PROBLEM REQUIREMENTS: Reproduce only the lines of the material below that start at the line containing "Корпус для квадрокоптера Syma X11 Корпус" and stop at the line containing "Reklamationen professionell lösen". Keep both end lines.

LISTED ENTRIES:
┌──

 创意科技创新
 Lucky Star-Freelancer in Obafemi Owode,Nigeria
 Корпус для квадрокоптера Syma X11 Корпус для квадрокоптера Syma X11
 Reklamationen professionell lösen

└──
┌──

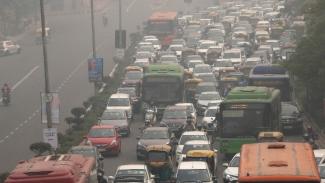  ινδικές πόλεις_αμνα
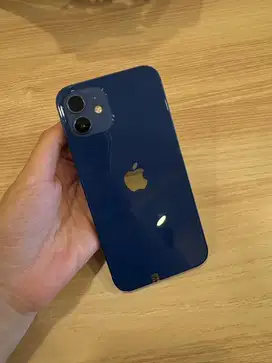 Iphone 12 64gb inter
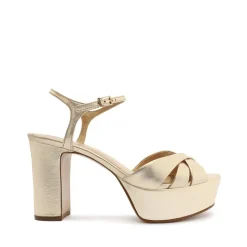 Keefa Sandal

└──

WRITTEN REPLY:
 Корпус для квадрокоптера Syma X11 Корпус для квадрокоптера Syma X11
 Reklamationen professionell lösen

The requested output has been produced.